Problem description
Please copy exactly the part of the records below that opens with the line containing "Annu Kapoor gears" and closes with the line containing "SIPA uhitila 15", leaving out any pictures.

Exercise data
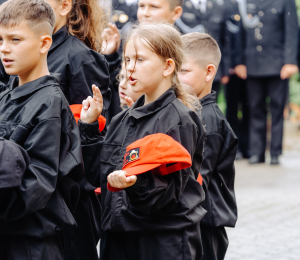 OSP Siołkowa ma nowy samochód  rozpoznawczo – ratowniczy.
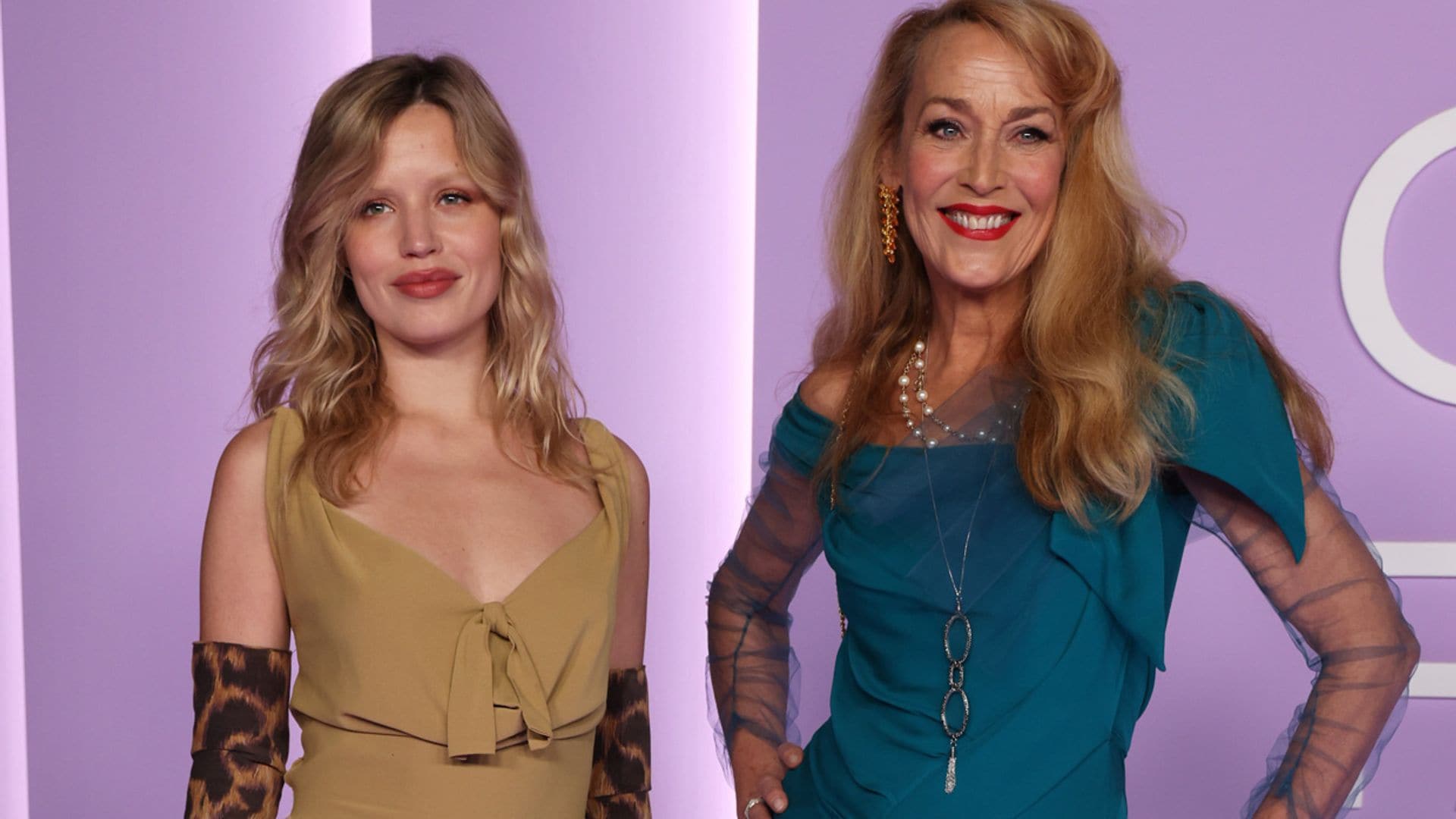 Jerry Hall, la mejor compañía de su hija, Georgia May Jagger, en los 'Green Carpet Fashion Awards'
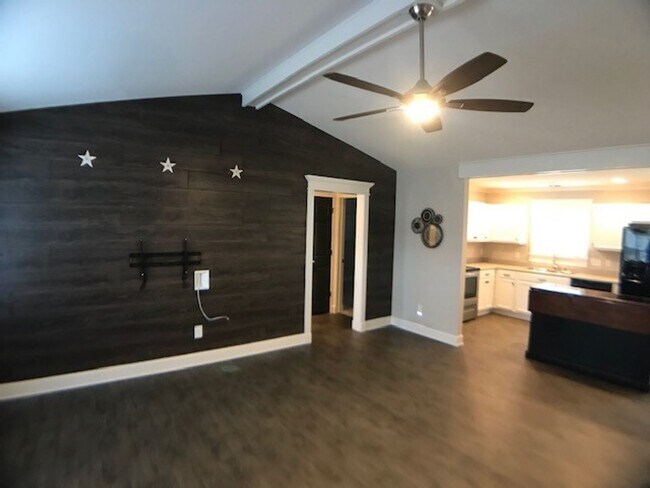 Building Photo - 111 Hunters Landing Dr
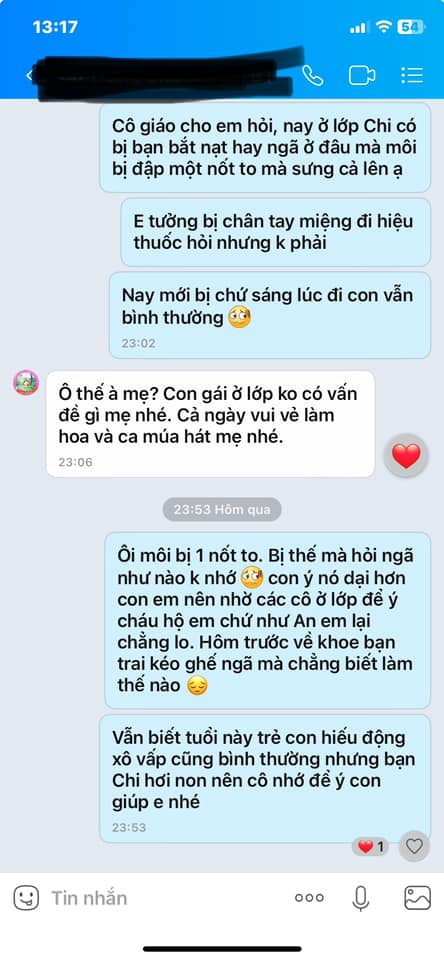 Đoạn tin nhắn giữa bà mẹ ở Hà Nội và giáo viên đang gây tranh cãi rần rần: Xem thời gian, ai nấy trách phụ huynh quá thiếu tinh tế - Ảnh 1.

...

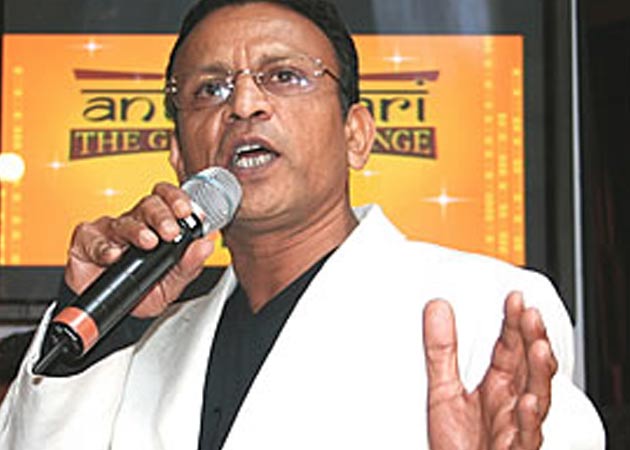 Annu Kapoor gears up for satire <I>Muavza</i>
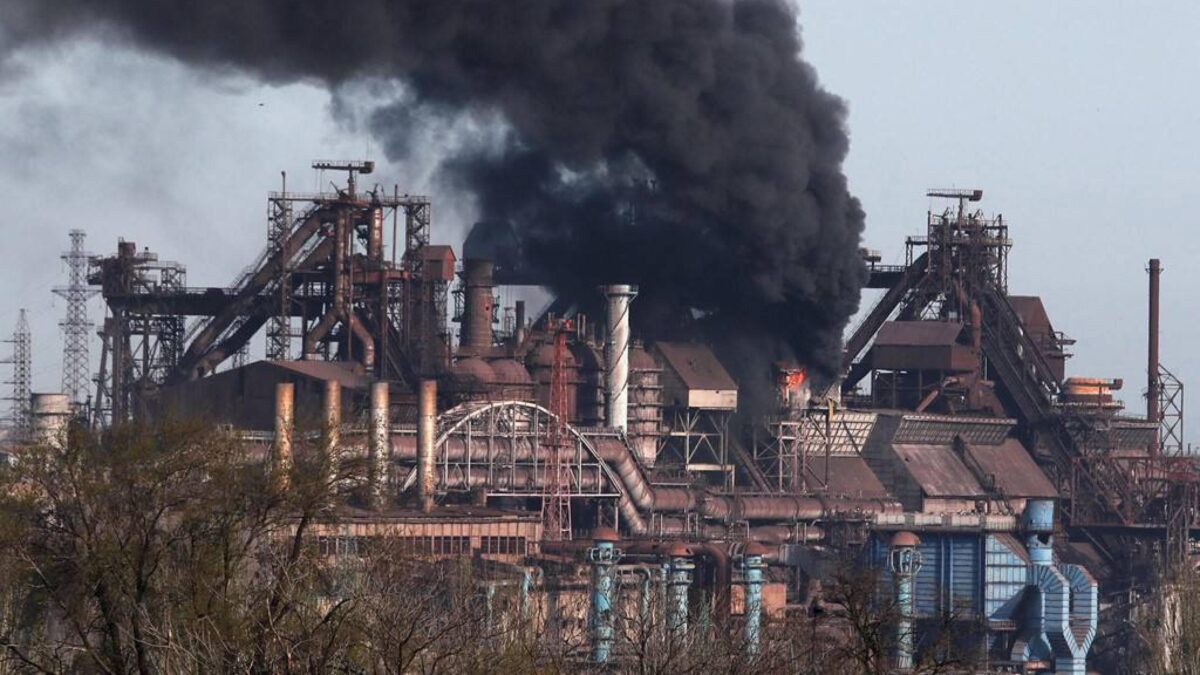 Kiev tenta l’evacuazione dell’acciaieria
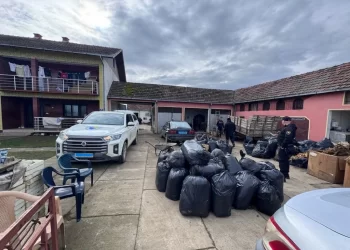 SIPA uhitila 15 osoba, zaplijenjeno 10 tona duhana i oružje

Your solution
 Annu Kapoor gears up for satire <I>Muavza</i>
 Kiev tenta l’evacuazione dell’acciaieria
 SIPA uhitila 15 osoba, zaplijenjeno 10 tona duhana i oružje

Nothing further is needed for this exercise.